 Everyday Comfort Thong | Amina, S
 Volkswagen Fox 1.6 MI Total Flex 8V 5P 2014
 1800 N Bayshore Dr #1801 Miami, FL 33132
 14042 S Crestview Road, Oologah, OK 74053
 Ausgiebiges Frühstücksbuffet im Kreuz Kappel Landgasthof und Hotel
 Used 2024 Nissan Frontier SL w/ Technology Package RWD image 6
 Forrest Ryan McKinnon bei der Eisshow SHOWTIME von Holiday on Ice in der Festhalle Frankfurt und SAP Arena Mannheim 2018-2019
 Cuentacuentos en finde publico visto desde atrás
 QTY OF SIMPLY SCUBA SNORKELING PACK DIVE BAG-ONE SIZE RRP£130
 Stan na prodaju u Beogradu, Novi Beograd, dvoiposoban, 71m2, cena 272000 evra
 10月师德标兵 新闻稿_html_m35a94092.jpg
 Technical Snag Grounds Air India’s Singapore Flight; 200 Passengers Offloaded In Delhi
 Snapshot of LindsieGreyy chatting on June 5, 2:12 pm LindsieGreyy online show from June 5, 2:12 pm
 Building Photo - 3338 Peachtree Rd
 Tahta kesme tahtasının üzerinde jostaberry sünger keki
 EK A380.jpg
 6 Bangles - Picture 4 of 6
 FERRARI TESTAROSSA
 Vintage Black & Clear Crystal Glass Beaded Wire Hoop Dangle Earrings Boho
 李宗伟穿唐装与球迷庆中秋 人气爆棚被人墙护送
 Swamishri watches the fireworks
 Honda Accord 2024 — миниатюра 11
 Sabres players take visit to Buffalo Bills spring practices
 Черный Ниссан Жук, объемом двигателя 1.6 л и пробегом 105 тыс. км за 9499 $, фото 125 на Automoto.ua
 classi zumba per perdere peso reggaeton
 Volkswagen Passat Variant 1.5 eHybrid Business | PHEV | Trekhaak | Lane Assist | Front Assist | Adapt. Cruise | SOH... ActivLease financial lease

TASK ITEM:
Reproduce all of the entries word for word.

OUTPUT OF THE TASK:
 Everyday Comfort Thong | Amina, S
 Volkswagen Fox 1.6 MI Total Flex 8V 5P 2014
 1800 N Bayshore Dr #1801 Miami, FL 33132
 14042 S Crestview Road, Oologah, OK 74053
 Ausgiebiges Frühstücksbuffet im Kreuz Kappel Landgasthof und Hotel
 Used 2024 Nissan Frontier SL w/ Technology Package RWD image 6
 Forrest Ryan McKinnon bei der Eisshow SHOWTIME von Holiday on Ice in der Festhalle Frankfurt und SAP Arena Mannheim 2018-2019
 Cuentacuentos en finde publico visto desde atrás
 QTY OF SIMPLY SCUBA SNORKELING PACK DIVE BAG-ONE SIZE RRP£130
 Stan na prodaju u Beogradu, Novi Beograd, dvoiposoban, 71m2, cena 272000 evra
 10月师德标兵 新闻稿_html_m35a94092.jpg
 Technical Snag Grounds Air India’s Singapore Flight; 200 Passengers Offloaded In Delhi
 Snapshot of LindsieGreyy chatting on June 5, 2:12 pm LindsieGreyy online show from June 5, 2:12 pm
 Building Photo - 3338 Peachtree Rd
 Tahta kesme tahtasının üzerinde jostaberry sünger keki
 EK A380.jpg
 6 Bangles - Picture 4 of 6
 FERRARI TESTAROSSA
 Vintage Black & Clear Crystal Glass Beaded Wire Hoop Dangle Earrings Boho
 李宗伟穿唐装与球迷庆中秋 人气爆棚被人墙护送
 Swamishri watches the fireworks
 Honda Accord 2024 — миниатюра 11
 Sabres players take visit to Buffalo Bills spring practices
 Черный Ниссан Жук, объемом двигателя 1.6 л и пробегом 105 тыс. км за 9499 $, фото 125 на Automoto.ua
 classi zumba per perdere peso reggaeton
 Volkswagen Passat Variant 1.5 eHybrid Business | PHEV | Trekhaak | Lane Assist | Front Assist | Adapt. Cruise | SOH... ActivLease financial lease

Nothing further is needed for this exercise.